Song Yao, associate professor of marketing: Yao joins Olin after almost two years at the University of Minnesota and eight years at Northwestern. Previously he also was a visiting professor at the University of Chicago and Stanford. He serves on editorial boards at a handful of journals, and his research interests include quantitative marketing, empirical microeconomics, advertising, new technology, competitive strategy and customer analytics. He earned a PhD in marketing at Duke and a master’s in economics from UCLA.

Giorgio Zanarone, visiting associate professor of economics: He arrives at Olin from Madrid, Spain, where he spent the past decade at the Colegio Universitario de Estudios Financieros (CUNEF). He also has been a visiting scholar at MIT about five years after he spent time there as a visiting graduate student. He received his PhD and master’s from Universitat Pompeu Fabra in Barcelona. His research interests include organizational economics, strategy, and law and economics.
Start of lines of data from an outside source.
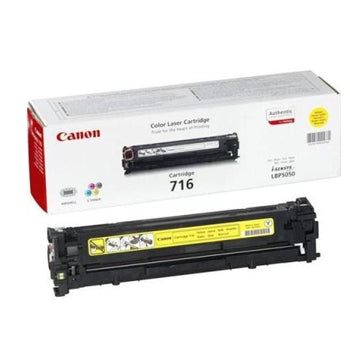 Toner Canon 716 (C,M,Y)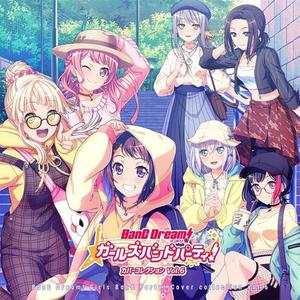 バンドリ! ガールズバンドパーティ! カバーコレクション Vol.6网赚项目-副业赚钱-互联网创业-资源整合HIRES SHOP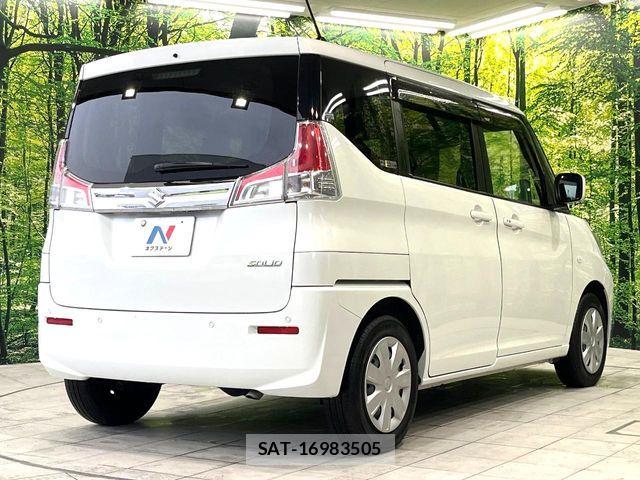 Suzuki SOLIO 2019-02 7225203-16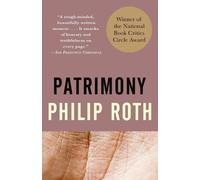 Philip Roth Patrimony (Tascabile) Vintage International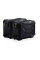 Комплект: бічні кофри + стійка PRO TRAX ADV 45/37 L для мотоцикла Voge 650DS R810C / 650 DSX (21-) чорний об'єм 45 + 37 L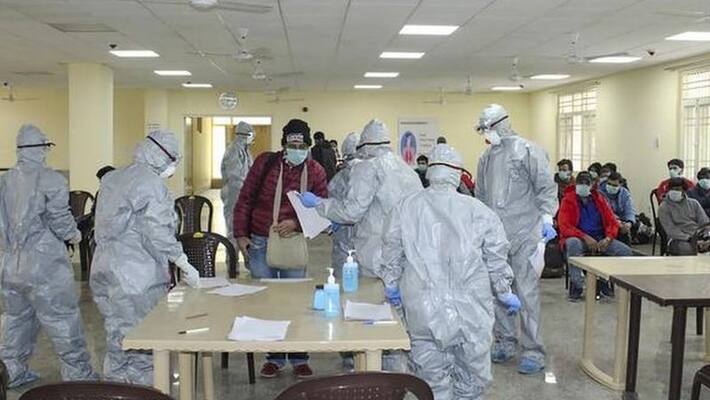 India reports 27,533 daily new cases, 284 deaths on 2 January 2022 ALB India reports 27,533 daily new cases, 284 deaths on 2 January 2022 ALB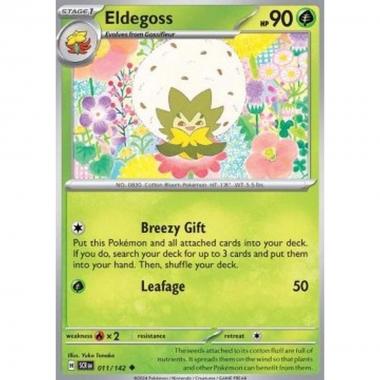 Eldegoss  - Eldegoss  - [SCR] [NM]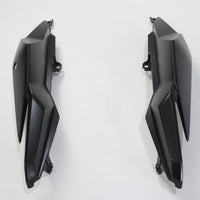 NT Aftermarket Injection ABS Plastic Fairing Fit for CBR650R 2021-2022 Matte Black N002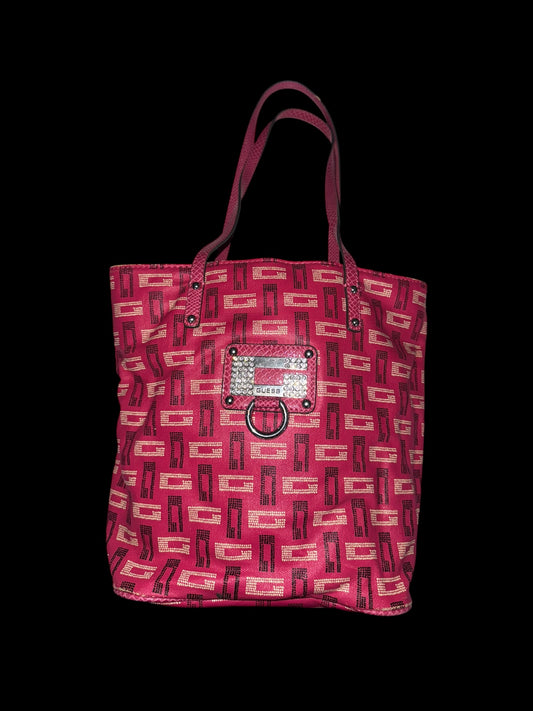 Guess Tote Bag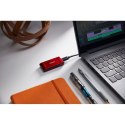 KINGSTON DYSK SSD 2000G PORTABLE XS1000R RED Kingston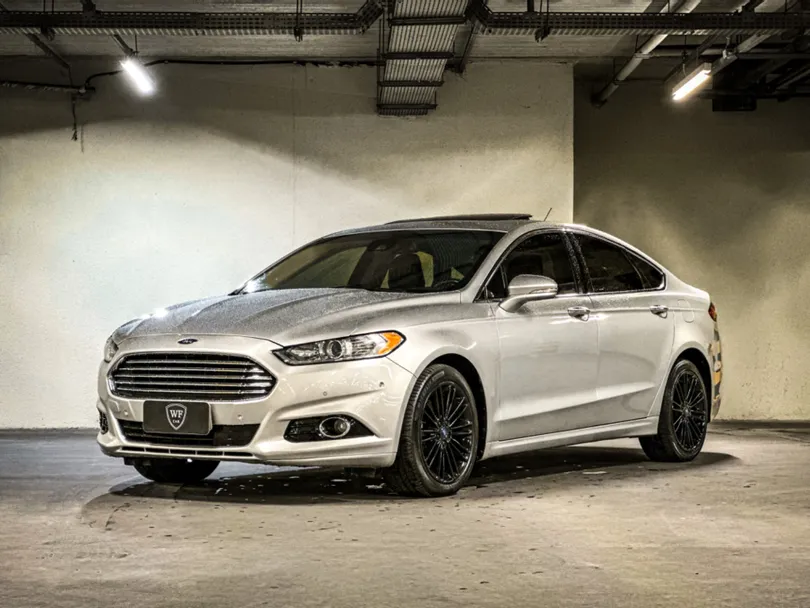 Ford Fusion 2.5L I-VCT Flex Aut.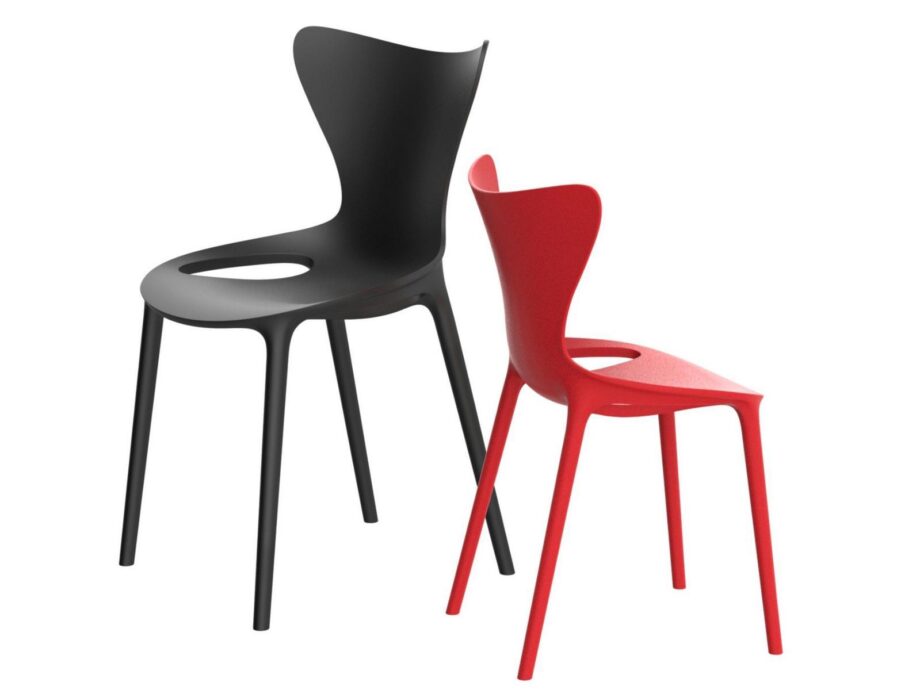 Love Kids Table And Chair Vondom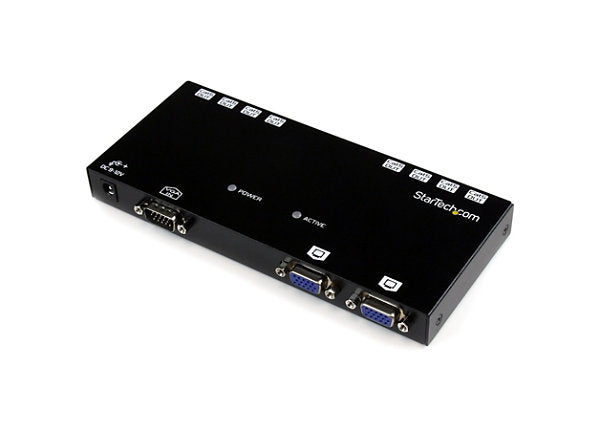 StarTech ST1218T 8-Port VGA Video Extender over Cat5, 150m Range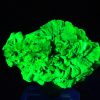 Lamellar Autunite / Meta- Autunite Crystal - Fluorescent Uranium Ore, 20 Grams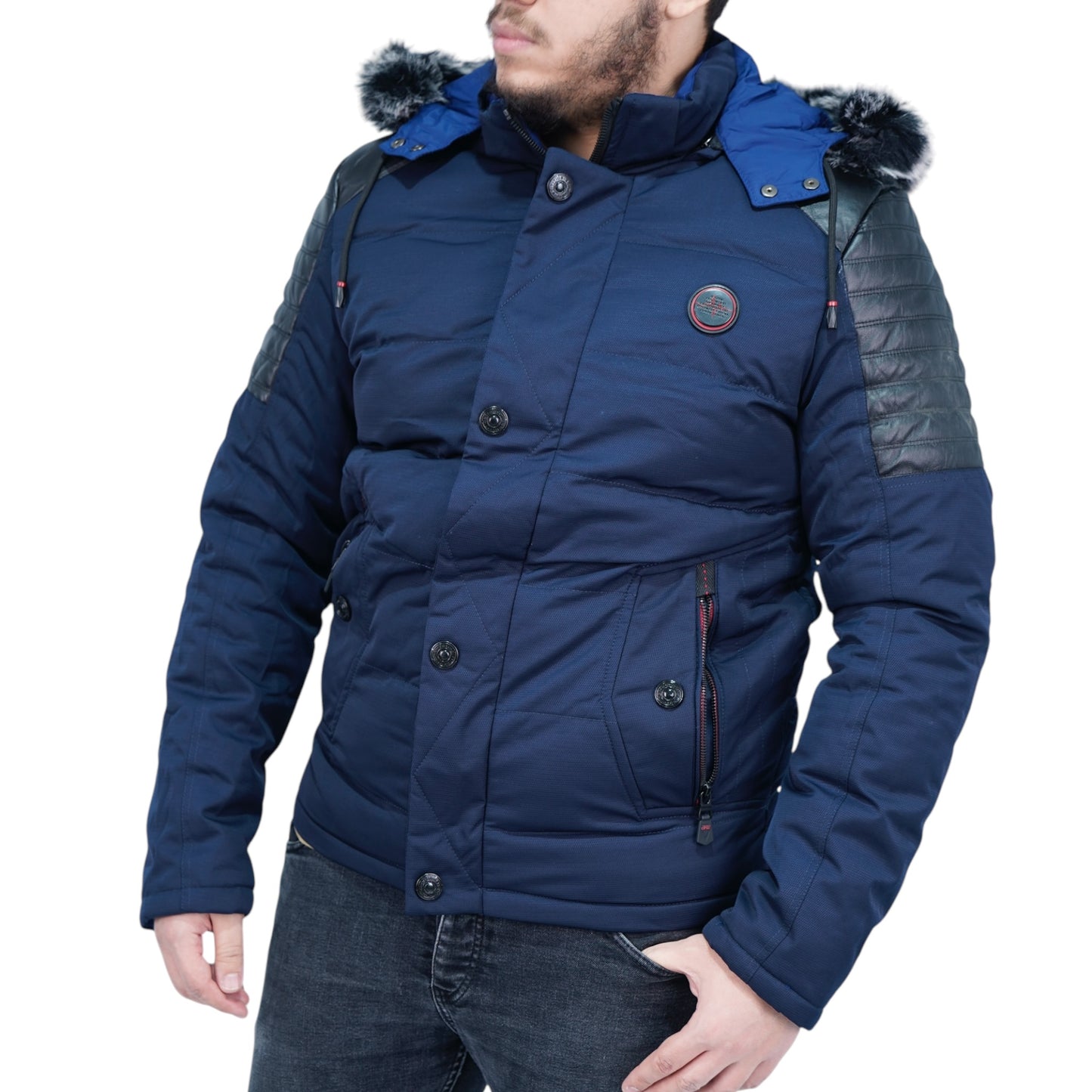 Parka Double Face Original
Minyuan Zhao, associate professor of strategy: Coming from Penn, Zhao brings with her impressive experience — she previously worked at the University of Michigan, the University of Minnesota and in entrepreneurship, the automotive industry as well as a government think tank. Her research — in multinational innovation and intellectual property — examines the interactions between external environment and firm strategy, in a global context. She was awarded the 2018 Teaching Excellence Award from Penn’s Wharton School. Zhao received a PhD and master’s from New York University, a master’s from Fudan University and a bachelor’s from Xi’an Jiaotong University.